Now, at least one lawmaker is publicly questioning how Sandoval will make it all balance, as he’s required to do before the Legislature meets in February.

“It will take more than the revenue growth that we’re seeing to make significant restorations to salaries and benefits and to keep education whole,” said Assemblywoman Debbie Smith, D-Sparks, who was chairwoman of the Assembly Ways and Means Committee and heads the Legislature’s Interim Finance Committee. “I’m anxious to see the governor’s budget.”

The Sandoval administration has released few details about his budget-writing process. So far, he has instructed state agencies to submit “flat budget” requests.

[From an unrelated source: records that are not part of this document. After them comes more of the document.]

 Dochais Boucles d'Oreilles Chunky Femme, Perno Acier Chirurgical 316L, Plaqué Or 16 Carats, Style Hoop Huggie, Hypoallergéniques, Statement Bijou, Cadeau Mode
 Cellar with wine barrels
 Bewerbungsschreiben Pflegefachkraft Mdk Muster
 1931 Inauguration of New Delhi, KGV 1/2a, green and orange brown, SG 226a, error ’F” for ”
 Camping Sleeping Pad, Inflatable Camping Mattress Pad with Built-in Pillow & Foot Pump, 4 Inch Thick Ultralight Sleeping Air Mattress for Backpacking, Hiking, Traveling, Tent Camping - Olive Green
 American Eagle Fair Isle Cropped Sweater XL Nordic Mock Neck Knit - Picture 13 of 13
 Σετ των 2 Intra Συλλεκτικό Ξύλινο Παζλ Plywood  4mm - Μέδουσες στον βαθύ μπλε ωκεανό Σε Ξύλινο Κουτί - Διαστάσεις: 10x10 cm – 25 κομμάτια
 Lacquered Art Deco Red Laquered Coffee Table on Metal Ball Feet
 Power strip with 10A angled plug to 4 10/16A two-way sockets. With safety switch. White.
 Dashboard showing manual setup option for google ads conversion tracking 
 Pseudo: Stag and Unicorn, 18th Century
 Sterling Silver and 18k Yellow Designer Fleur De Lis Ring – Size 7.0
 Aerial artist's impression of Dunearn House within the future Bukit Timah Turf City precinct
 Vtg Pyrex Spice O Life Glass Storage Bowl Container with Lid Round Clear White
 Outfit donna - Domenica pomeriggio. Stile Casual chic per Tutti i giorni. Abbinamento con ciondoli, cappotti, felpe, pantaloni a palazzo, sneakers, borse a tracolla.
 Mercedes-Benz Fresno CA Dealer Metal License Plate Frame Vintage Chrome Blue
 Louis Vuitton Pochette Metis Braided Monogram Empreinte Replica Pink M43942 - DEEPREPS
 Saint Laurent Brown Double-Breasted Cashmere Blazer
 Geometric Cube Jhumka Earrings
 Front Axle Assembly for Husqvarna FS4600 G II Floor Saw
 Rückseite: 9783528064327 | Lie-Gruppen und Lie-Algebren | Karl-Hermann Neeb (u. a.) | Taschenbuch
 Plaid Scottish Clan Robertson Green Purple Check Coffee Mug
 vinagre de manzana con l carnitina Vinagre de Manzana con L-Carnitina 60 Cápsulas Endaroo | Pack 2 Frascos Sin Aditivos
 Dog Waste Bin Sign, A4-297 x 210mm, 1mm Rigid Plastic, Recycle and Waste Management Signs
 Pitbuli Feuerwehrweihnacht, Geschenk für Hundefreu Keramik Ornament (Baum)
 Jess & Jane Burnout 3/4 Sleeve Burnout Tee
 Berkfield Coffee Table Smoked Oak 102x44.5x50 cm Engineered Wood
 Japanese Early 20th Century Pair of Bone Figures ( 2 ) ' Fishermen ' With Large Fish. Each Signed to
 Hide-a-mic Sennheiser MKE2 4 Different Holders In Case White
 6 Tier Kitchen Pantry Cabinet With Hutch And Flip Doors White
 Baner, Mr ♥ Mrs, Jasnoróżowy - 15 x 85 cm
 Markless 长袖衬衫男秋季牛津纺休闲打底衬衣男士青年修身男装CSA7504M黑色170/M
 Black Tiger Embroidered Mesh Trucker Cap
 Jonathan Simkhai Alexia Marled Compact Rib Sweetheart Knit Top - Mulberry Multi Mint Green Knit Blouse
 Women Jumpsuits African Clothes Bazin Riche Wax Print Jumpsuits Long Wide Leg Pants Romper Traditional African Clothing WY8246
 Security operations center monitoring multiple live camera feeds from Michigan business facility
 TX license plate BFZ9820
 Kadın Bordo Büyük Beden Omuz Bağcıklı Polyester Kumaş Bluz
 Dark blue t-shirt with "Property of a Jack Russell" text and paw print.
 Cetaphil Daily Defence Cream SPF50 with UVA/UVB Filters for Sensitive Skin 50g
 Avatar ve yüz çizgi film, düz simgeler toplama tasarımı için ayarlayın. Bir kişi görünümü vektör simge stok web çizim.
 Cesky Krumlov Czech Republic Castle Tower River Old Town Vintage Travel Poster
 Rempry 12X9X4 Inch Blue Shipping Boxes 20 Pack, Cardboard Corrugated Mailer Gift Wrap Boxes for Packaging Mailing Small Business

He also has announced that since July 1, 2011, tax revenues have come in $70 million over initial projections.

But even with that additional revenue, Sandoval will have a difficult time avoiding budget cuts.

And a flat budget — in which agencies essentially are allocated the same amount of money they received in the current fiscal year — doesn’t necessarily mean “no cuts.”

For example, the state’s two largest school districts say they will need more money than they are receiving now just to cover increased costs for personnel and utilities.

Health and human services agencies project more poor, elderly and disabled Nevadans will seek government assistance, which would completely erase that $70 million surplus.

And it would take hundreds of millions of dollars to completely restore the salaries for 25,000 state, college and university workers who have taken 4.8 percent pay reductions — a prospect few think is realistic.

Sandoval isn’t the first governor to keep details of his budget-making process private. But since he began campaigning for office in 2009, Sandoval has relentlessly painted a rosy picture of the state.

His broad-stroke budget commitments now are reminiscent of his campaign, when he promised he would be able to let taxes expire without cutting essential government services. As a candidate, Sandoval never released a plan for how he would do it.

After he was elected, Sandoval tried to balance his budget by taking money from local governments and school district building funds. He was forced to pull that idea after an unfriendly Nevada Supreme Court decision, and he ultimately reneged on his promise to let the 2009 taxes expire.

In March, Sandoval announced that he would once again extend about $600 million in taxes for another two years.

On Oct. 15, state agency budget requests will be made public, giving an indication of where the planning process is headed. Sandoval’s final budget recommendation to the Legislature won’t come out until January.

Last week, Sandoval doubled down on his promise not to cut education in an interview with the Reno Gazette Journal’s editorial board.

"I meant it when I said we are not going to cut K-through-12 or higher education anymore," he said.

For education, however, a flat budget would mean budget cuts.

“It wouldn’t be enough,” Washoe County Superintendent Pedro Martinez said. “We all have cost increases we have to deal with, one way or the other.”

Martinez said he expects to ask the state for as much as $14 million to cover increased costs.

In Clark County, the School District expects $40 million in increased personnel costs and $8 million in water and fuel costs.

Other areas of state spending also are seeing an increase in demand.

The projected increases for Medicaid, the state’s health care for the poor, elderly and disabled, and Nevada Check Up, which covers children of low-income Nevadans, will cost $71 million over the next two years, according to a state policy memo issued by the governor’s spokeswoman in June.

That’s without expanding Medicaid under the Affordable Care Act, a decision Sandoval is still weighing.

The Nevada System of Higher Education Board of Regents also passed a budget with a $10 million increase over two years.

Chancellor Dan Klaich said it was fair to say a flat budget for higher education means no cuts with a qualifier.

“It means no cuts that we have control over,” he said.

Neither Sandoval’s budget director, Jeff Mohlenkamp, nor his new chief of staff, Gerald Gardner, were available for interviews this week.

His spokeswoman, Mary-Sarah Kinner, released the following statement: “The state is in the very preliminary stages of the budget process, and when there is more information, we will release it.”